Эта новость - нет, не огорошила отставного прим-декуриона и, в общем-то, даже не особо удивила его, они с Хавивой уже давно хотели ребёнка - но показалась... несколько несвоевременной, что ли, - Саксум почему-то никак не предполагал, что давно ожидаемое известие застигнет его как раз в пути...
В первый из киренских портов - Бере́ник - приплыли в конце сентября. Здесь Паквий Луск хотел было высадить всех киренцев и, используя всё ещё не переменившийся, хотя и сильно ослабевший "альтан", уйти обратно в Гиппо-Регий, однако Саксум, благоразумно предполагавший такое развитие событий, предъявил триерархосу папирус, испрошенный им у Волуса Аэлия Скавра ещё на Сикилии и предписывающий капитану "Салакии" развезти всех киренцев по их родным городам. Прочитав документ, Паквий Луск переменился в лице, призвал на голову Саксума все известные и ещё с десяток неизвестных отставному приму проклятий, но ослушаться письменного приказа всё же не посмел.
И началось неспешное плаванье вдоль бесплодных и негостеприимных киренских берегов. Из Береника - в А́рсиной, из Арсиноя - в То́лмету, из Толметы - в Аполло́нию и далее - в конечную точку маршрута - в белокаменный Да́рнис. В каждом из портов стояли по нескольку дней - бывшие сослуживцы и друзья прощались друг с другом. Капитан "Салакии" поначалу страшно ругался из-за каждой очередной задержки, потом лишь ворчал, а потом и сам втянулся в непрекращающиеся гулянки-прощания, где слёзы лились ручьями, а вино - рекой, где радость обретённой свободы сменялась печалью расставания, чтоб через мгновенье вновь смениться радостью...
А на пятый день пребывания в Дарнисе Хавиву свалила лихорадка.
Саксума с больной женой приютил Метт Пульхр - бывший декурион-три из турмы Саксума.
Дом родителей Метта стоял за городской стеной, над морем - в одной из многочисленных рыбацких деревень, что тянулись по берегу на несколько десятков стадиев в обе стороны от Дарниса. В доме, кроме родителей отставного декуриона, жил его старший брат Кунт со своей семьёй: женой и четырьмя детьми. Дом был небольшой, построенный из местного белого камня и по местным обычаям: круглый, безоконный, с каменной купольной крышей, в центре которой было оставлено небольшое отверстие, через которое в дом проникал свет и выходил дым от горящего в доме очага. Саксума, помнится, тогда очень заинтересовал вопрос: каким образом местные умельцы умудряются складывать такие крыши, камни которых, между прочим, абсолютно ничем не были скреплены между собой. Он всё собирался спросить об этом Метта, но всякий раз забывал - болезнь Хавивы, страх за вынашиваемого ею ребёнка, за неё саму, вымывали из головы все посторонние мысли. Спросила об этом сама Хавива, когда после трёх недель горячки, потного мечущегося бреда и изнуряющих приступов тошноты пошла на поправку и стала мало-мальски интересоваться окружающей её действительностью.
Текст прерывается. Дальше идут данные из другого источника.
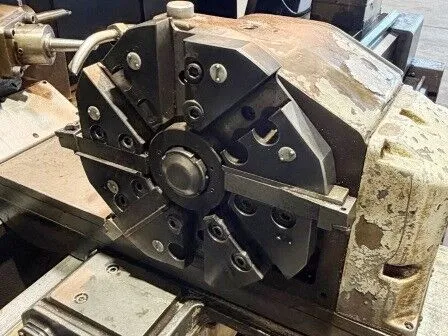 Mazak #M5, CNC Lathe, 2-Axis, 24" Swing, 100" Centers, 82" Machining length, 18" Chuck, 5" Bar, 14" Turning - Image 4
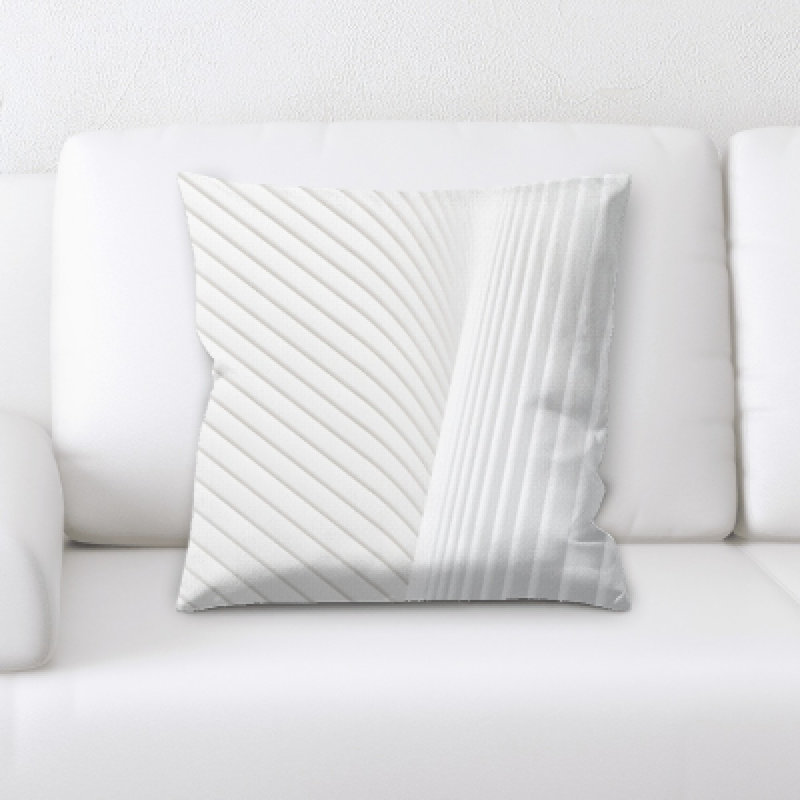 Microsuede Throw Pillow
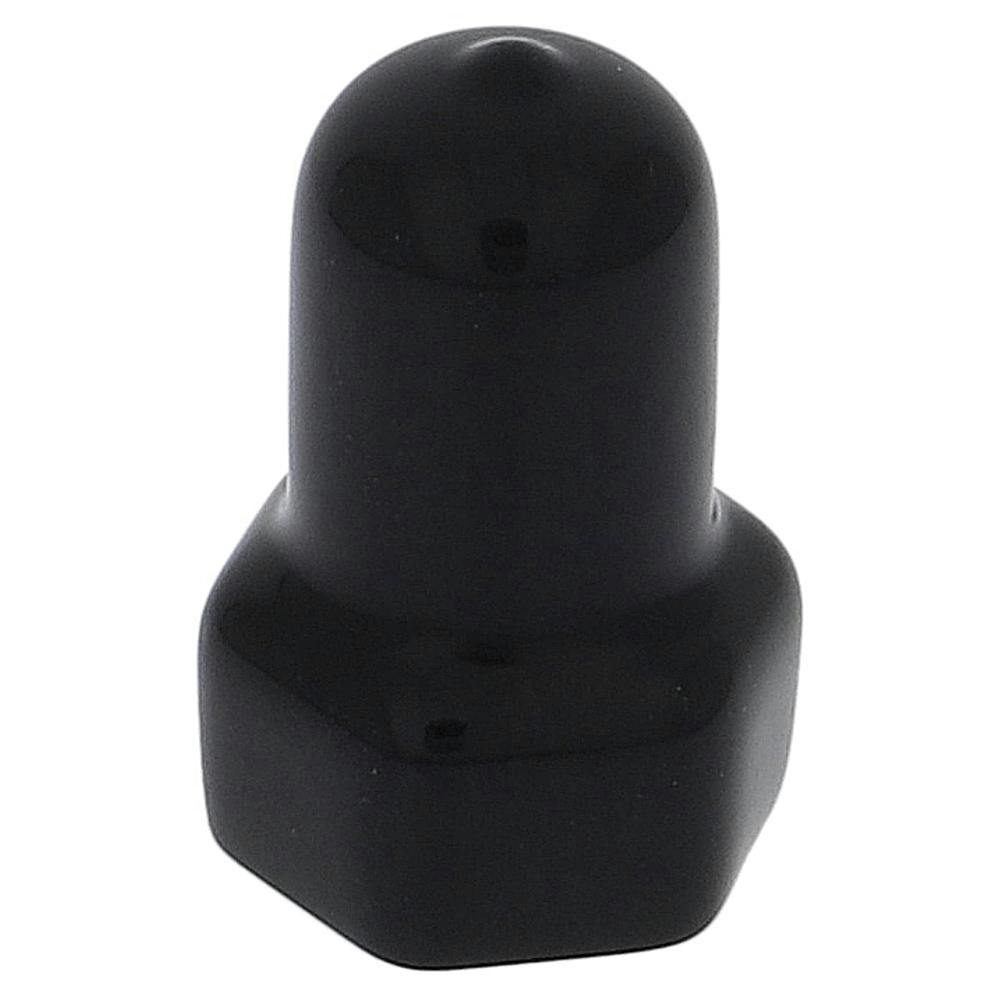 ねじ・ナット先端キャップ 黒 557-665 M16mm 1入 | ねじ・くぎ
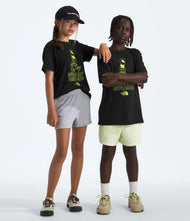 The North Face Kids' Celestial Drift Regular Short-Sleeve Tee - TNF Black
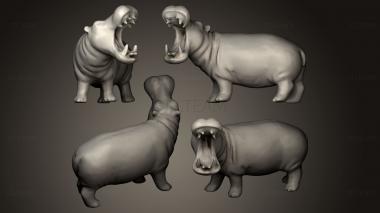 3D model Hippopotamus (STL)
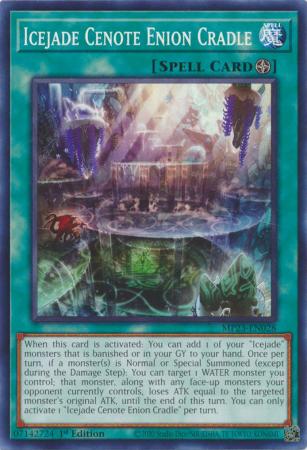 Icejade Cenote Enion Cradle MP23 EN028 Common 1st Edition 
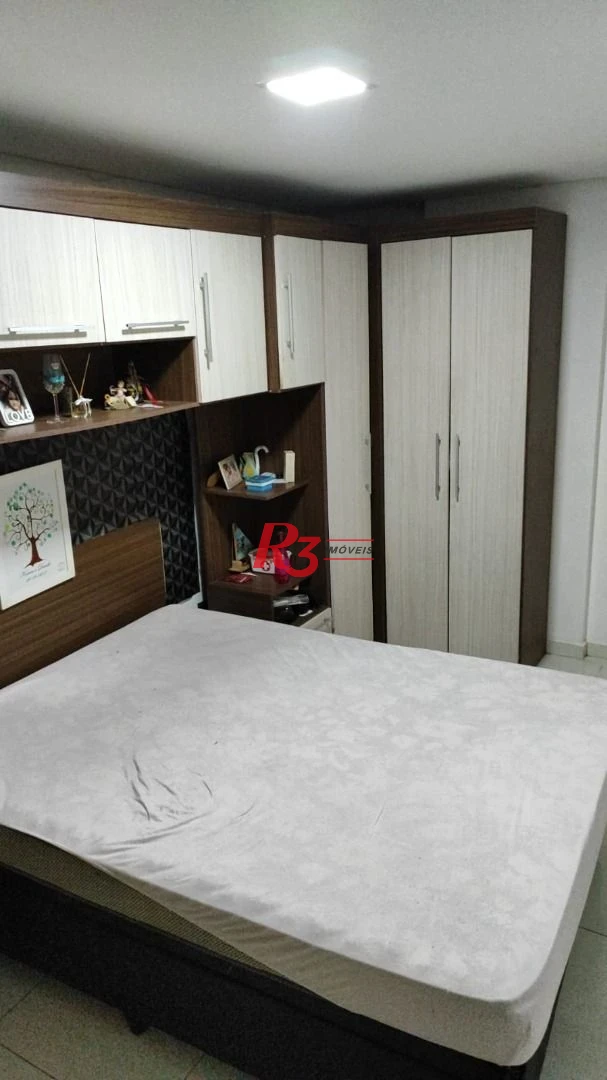 Apartamento à venda, 54 m² por R$ 265.000,00 - Chico de Paula - Santos/SP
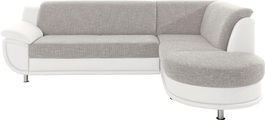 TRENDMANUFAKTUR Ecksofa, mit Ottomane und Federkern, wahlweise mit Bettfunktion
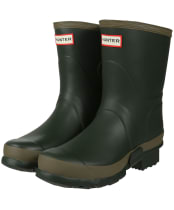 Women’s Hunter Gardener Short Wellies - Dark Olive / Clay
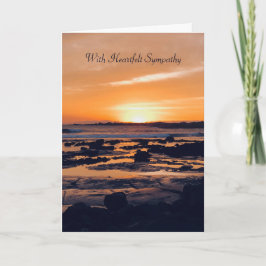 Beautiful Sunset Sympathy Card Karte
Метт с удовольствием рассказал. Оказывается, крыша дома строилась не на весу и не с помощью системы хитроумных подпорок, как предполагал до этого Саксум. Просто по мере возведения стен внутренняя часть дома засыпалась песком; из песка же, выше стен, отсыпалась и форма купола, опираясь на которую и складывали из каменных плит саму крышу. После того как в купол крыши вставлялся последний - "замко́вый" - камень, песок изнутри убирали - и дом был готов. Метт, посмеиваясь, рассказал и о небольшой хитрости, применяемой для облегчения последнего этапа работ. Перед тем как между стенами дома начинали засыпать песок, хозяева разбрасывали на полу несколько медных монет, а по окончании строительства звали к дому нищих, которые азартно, соревнуясь друг с другом, выгребали из дома весь песок в поисках вожделенной добычи...
- О чём думаешь? - спросила Хавива.
- Что?
- Ты о чём-то задумался, смотришь вдаль и улыбаешься.
- Да так... Вспомнилось почему-то, как Метт в Дарнисе рассказывал про нищих, которые выгребают песок из дома.
- А-а... - Хавива тоже улыбнулась. - Да, забавно. И остроумно... Я, кстати, до сих пор не понимаю - как же она всё-таки держится?
- Крыша?
- Да.
- Держится. Умеют строить... Ну что, согрелась?
- Да... Почти... - Хавива поплотнее запахнула плащ и вновь посмотрела в ту сторону, куда убежал босоногий посыльный. - Что-то долго гонца нашего нет. Как думаешь?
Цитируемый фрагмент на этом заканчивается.